Anders

Sardinien ist anders

Sardegna è diversa


  Sardinien ist verschwunden. Eben noch war die Ìsola Tavolara im Dunst der Küste zu erahnen. Nun sind wir nur  noch vom Wasser des Mittelmeers umgeben, das die Luft angenehm kühlt; eine Wohltat nach der Hitze der vergangenen zwei Wochen. Zeit für ein Resümee.

  Mit welchen Vorstellungen, mit welchen Wünschen sind wir zu der Insel aufgebrochen? Wir wollten, als der Plan reifte, die gesamte Insel entdecken - hier zeigt sich schon, daß wir keine Ahnung hatten. Sardinien hat ungefähr die Größe von Belgien und besteht nahezu vollständig aus Gebirge. Wir beschränkten uns auf den Norden - die Gallura und ein Wenig südlich davon. Fast 500 km mit über 8000 Höhenmetern sind es geworden. Die Küsten und Strände haben wir gemieden.

  Wir dachten, es wäre wie in Italien; nur eben auf einer Insel. Beides erscheint uns falsch. Die Insel ist nicht zu spüren. Die Orte, die wir sahen, hatten mit den Italienischen nichts gemein, außer manchmal eine gewisse Schmuddeligkeit. Nicht ein Mal sind wir auf ein wirkliches centro storico gestoßen, wie wir es Italien auf Schritt und Tritt finden. Die Orte scheinen vor nicht allzu langer Zeit gegründet.

  Obwohl wir wußten, daß der höchste  Berg Sardiniens lediglich 1834 m hoch ist, waren wir überrascht, daß es immer wieder auf und ab ging. Lange Anstiege oder Abfahrten waren selten. Unvergeßlich sind die Felsformationen, die Wind und Wetter aus dem Gestein geschnitzt haben. Die Fantasie reicht nicht aus, sich vorzustellen, welche Formen aus Stein die Natur zu schaffen vermag.  Manchmal sind wir an steilen Wänden vorbeigefahren, dann wieder beginnen die Berge erst sanft anzusteigen um dann in einer Krone von bizarrer Schönheit zu enden. Und schließlich fanden wir Gegenden, in denen die Felsen eben aus dem  Boden geschlüpft schienen und gerade beginnen zu wachsen.

  Wilde Tiere haben wir leider nicht zu Gesicht bekommen. Raubvögel natürlich schon. Die Schafe haben im Allgemeinen ein langes Zottelfell, die Rinder sind kleiner, als wir es von Italien kennen und die Ziegen sind zahlreicher. Esel haben wir viele gesehen.
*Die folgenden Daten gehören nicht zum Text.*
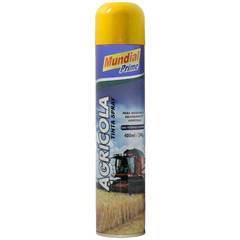 Tinta Spray Agricola Amarelo New Holland 400ml Mundial Prime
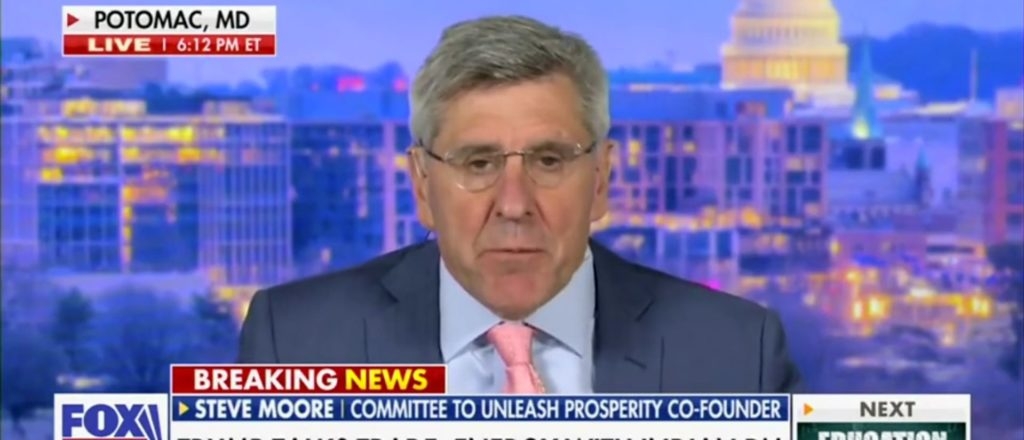 ‘I’m Very Intrigued’: Economist Steve Moore Says Trump’s Tariff Deal With India Is ‘Risky’ But Might Work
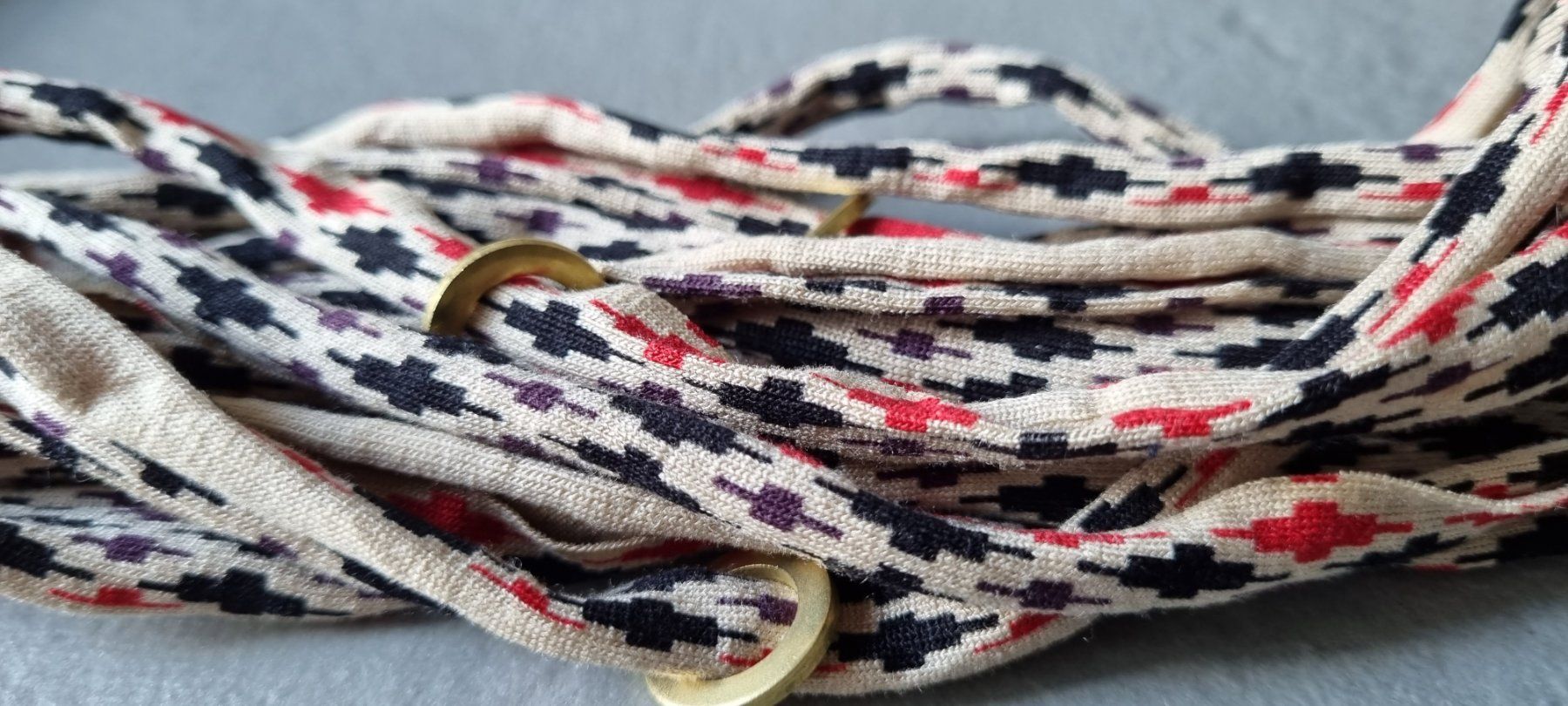 Ketten: Collier sautoir multi-rangs, FAIT MAIN – Neu und originalverpackt aus vufflens la ville von Veuveclicquot 3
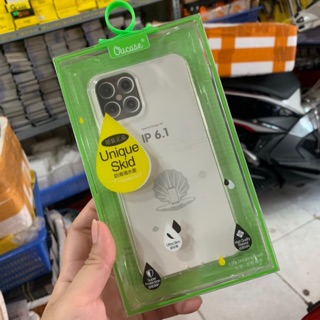 Ốp lưng silicon Ou case iPhone 12 pro 6.1 inch trong suốt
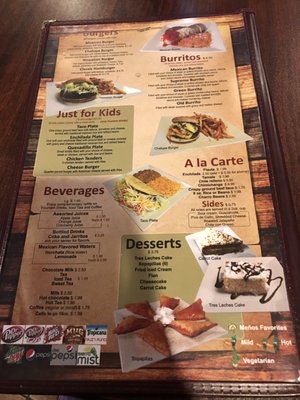 Menu photo 8 Meno's Mexican Grill Killeen, TX Menu photo 8 Meno's Mexican Grill Killeen, TX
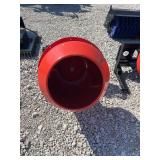 SDLANCH Mini Skid Steer Concrete Mixer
  Auch die Küche ist anders. Es schien uns, als würde weniger Aufhebens um das Essen gemacht. In Italien ist es eine Zeremonie; auf Sardinien haben auch sehr gut gegessen (bis auf ein Mal), doch mit weniger Leidenschaft.

  Der Wein ist lecker, hat aber den Nachteil, oft mehr Alkohol zu enthalten, als gewöhnlich. Vielleicht liegt das an der übermächtigen Sonne Sardiniens, die den Zuckergehalt der Trauben in die Höhe treibt. Gerade der Cannonau hat uns manchen Abend zugesetzt. Und wenn sich erst einmal das Herz unserer Gastgeber geöffnet hatte, sind wir an einem oder zwei mirto, eim Likör aus den Beeren der Myrthe, nicht vorbeigekommen. Er war immer selbstgemacht und sehr wohlschmeckend.

  Die Menschen - was soll ich sagen? Sie erschienen uns verschlossen und oft mürrisch. Als wäre es ihnen eine Last, sich mit Fremden einzulassen. Manchmal ist es uns gelungen, das Eis zu brechen; dann hatten wir angenehme, herzliche Gespräche - und eben mirto. Später, in Olbia, bestätigte uns unser offener und freundlicher Gastgeber unsere Beobachtung. In den Bergen seien die Menschen nur untereinander gut Freund; das aber bedingungslos und für immer. An den Küsten sei das anders. Da wäre man schon nach drei Sätzen befreundet, doch nach drei Minuten hat man den Anderen schon wieder vergessen.

  Sardinien - wir werden Dich und Deine Schönheit nie vergessen. Wir werden aber auch nicht wiederkommen.